The number one mental ailment that veterans suffer from is PTSD and other anxiety related diseases including clinical depression. In recent times We have seen Canada legalize Cannabis for both Clinical and recreational use. America has about 33 states where clinical use is approved, but for some reasons, Cannabis related treatment is not approved for use on soldiers and veterans in treating PTSD, Epilepsy or Anxiety.

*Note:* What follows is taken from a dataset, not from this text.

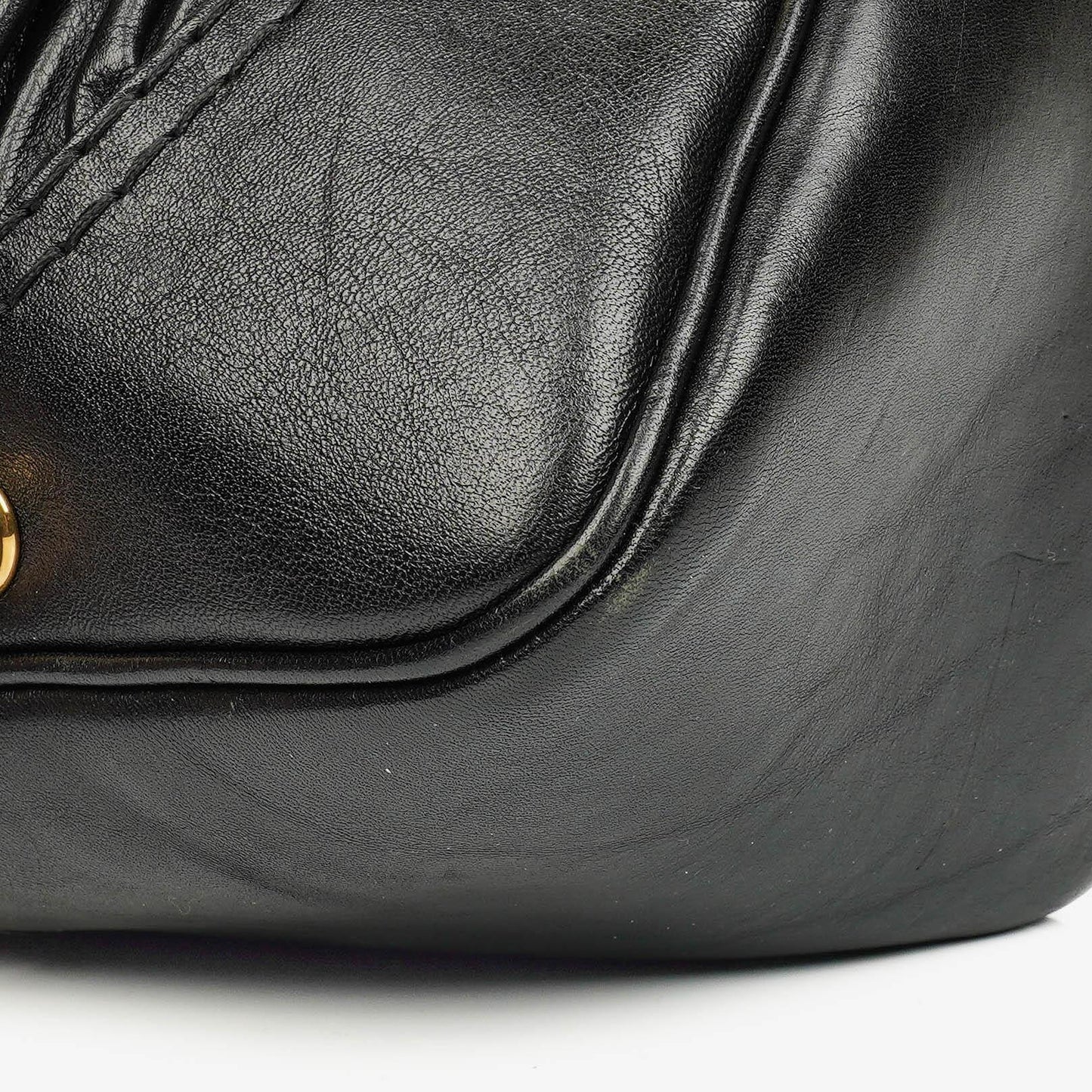 Gucci Jockey Hobo Bag Medium aus schwarzem Leder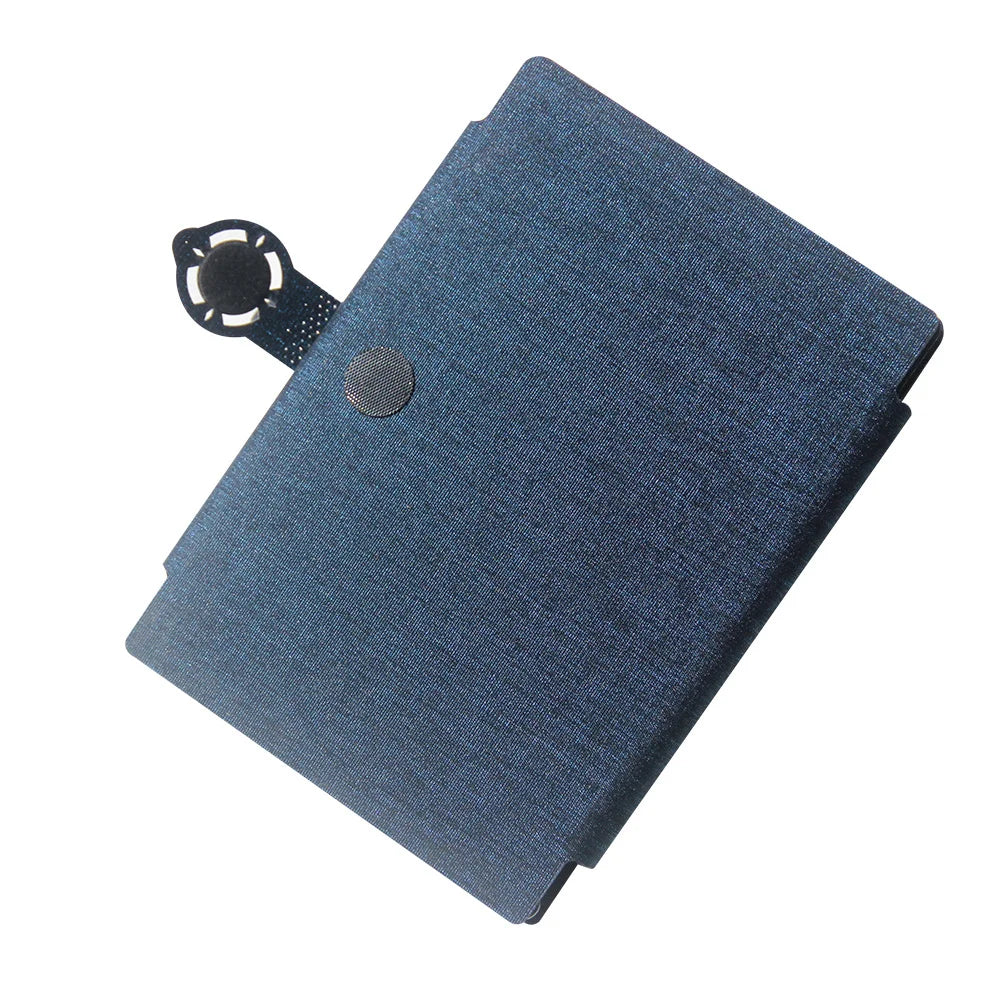 20W 5-Panel Foldable Solar Charging Panel with USB + Type-C Output IPX6 Waterproof Outdoor Solar Charger - Blue - 7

There has been a great deal of confusion in the media about the clear differences between CBD and THC. Most Medications extracted from the cannabis plant have high CBD contents which are known for tremendous relief in pain, anxiety, and paranoia but doesn’t get one high. This is as opposed to THC (conventional pot) which is also extracted from the same plant but is known for increasing Anxiety.
Regulation drugs given for PTSD are turning Veterans into zombies, they are being complained of frequently and may even be related to the high suicide rates. Communities must come together to put pressure for legislation to change in these areas for these people who have served our nation to get access to CBD based drugs in VA regulated health facilities.
Grandpa was one of the lucky ones, but with the right steps, there is no reason all vets cannot be lucky. One thing is sure, we must reduce this alarming suicide rate.